1/17/2026, 8:49:23 AM
眼下に広がるビル達は、定時を遠に過ぎたこんな時間でも光が消えることはなく、キラキラと大都会の夜を照らしていた。
眠らない街、眠れない街
まさにそんな感じ。
こんな時間まで必死に働いて少ない給料を貰っては、家賃やら、税金やら、生活費に消えていって、また働くの繰り返し。
生活のために働いていたはずなのに、働くために生活を犠牲にする毎日。
タバコを一本取り出して火をつける。
ふーっと息を吐き出すと、キラキラ光るビルに煙が入り込む。
このビル達が美しく見えていた頃が懐かしい。
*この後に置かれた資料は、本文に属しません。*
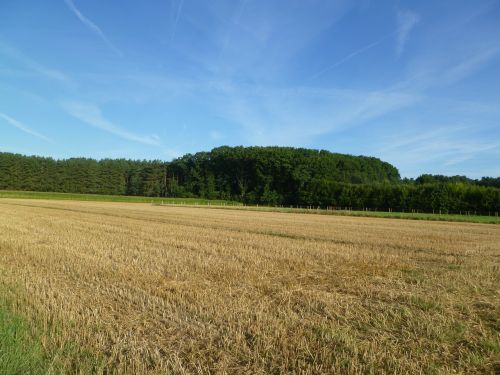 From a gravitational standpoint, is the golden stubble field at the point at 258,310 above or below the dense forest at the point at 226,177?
below

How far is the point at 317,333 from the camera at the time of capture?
5.10m

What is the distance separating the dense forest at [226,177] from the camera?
9219 centimetres

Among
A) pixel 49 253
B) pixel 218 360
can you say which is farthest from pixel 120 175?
pixel 218 360

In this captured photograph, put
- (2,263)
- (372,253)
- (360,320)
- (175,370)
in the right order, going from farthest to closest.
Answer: (372,253) → (2,263) → (360,320) → (175,370)

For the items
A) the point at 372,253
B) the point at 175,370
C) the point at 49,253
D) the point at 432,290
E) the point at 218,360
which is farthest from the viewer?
the point at 372,253

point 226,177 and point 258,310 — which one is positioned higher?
point 226,177

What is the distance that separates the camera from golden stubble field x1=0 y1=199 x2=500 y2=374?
4.34 metres

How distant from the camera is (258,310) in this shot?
5.97 meters

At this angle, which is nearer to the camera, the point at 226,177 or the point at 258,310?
the point at 258,310

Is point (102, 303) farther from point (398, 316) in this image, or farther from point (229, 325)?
point (398, 316)

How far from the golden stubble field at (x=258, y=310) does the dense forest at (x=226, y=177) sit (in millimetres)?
72085

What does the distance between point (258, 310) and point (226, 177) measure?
378 feet

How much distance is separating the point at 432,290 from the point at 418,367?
162 inches

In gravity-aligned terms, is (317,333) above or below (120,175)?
below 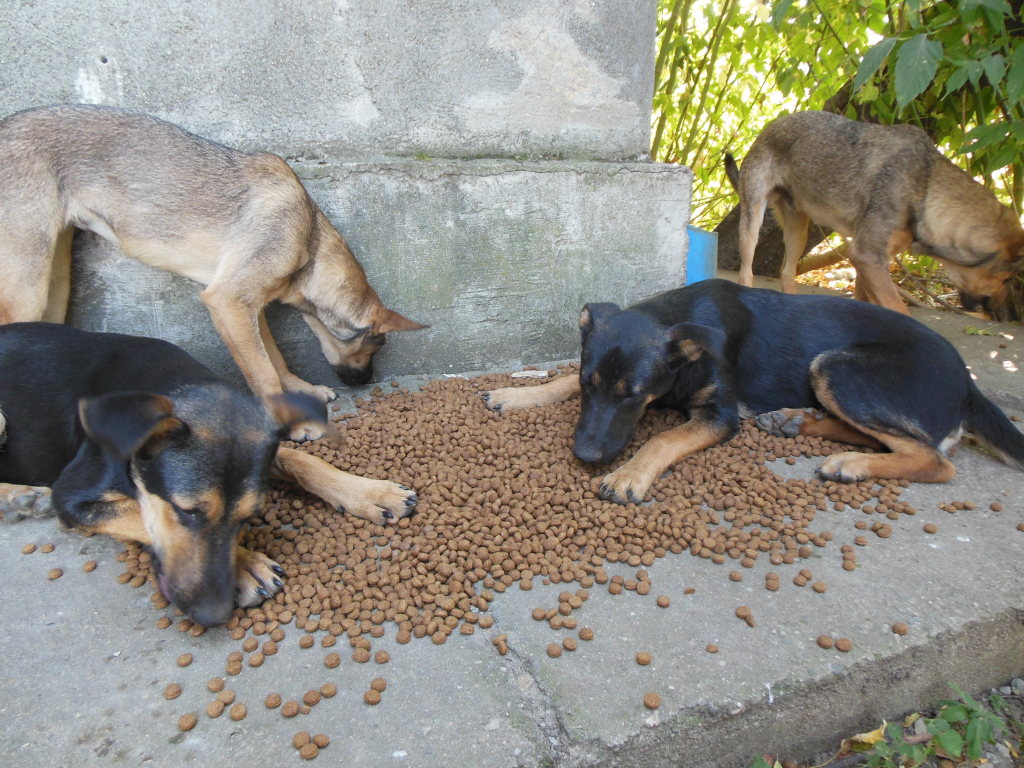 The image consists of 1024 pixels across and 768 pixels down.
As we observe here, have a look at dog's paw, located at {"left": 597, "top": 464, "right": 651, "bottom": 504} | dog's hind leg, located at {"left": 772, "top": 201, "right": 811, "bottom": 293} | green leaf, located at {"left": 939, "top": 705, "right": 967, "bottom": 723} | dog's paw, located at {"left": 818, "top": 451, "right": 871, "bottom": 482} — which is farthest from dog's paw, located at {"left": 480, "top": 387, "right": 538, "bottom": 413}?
dog's hind leg, located at {"left": 772, "top": 201, "right": 811, "bottom": 293}

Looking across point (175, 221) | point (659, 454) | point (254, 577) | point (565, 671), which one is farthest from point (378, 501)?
point (175, 221)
街並みも、職場も、家具の配置も、何一つ変わっていないのに、あの頃と今では何かが決定的に変わってしまった。
それは情熱か、意欲か、はたまた希望か。
まあ、今更考える必要もない。
吸いかけのタバコを踏みつけて、目の前の柵に足をかける。
不思議と恐怖はない。
ごうごうと吹き抜けるビル風に身を任せて、足を踏み出す。
一瞬の浮遊感の後に、体は真っ逆様に落ちていく。
赤、青、黄色、キラキラした光に包まれて落ちていく。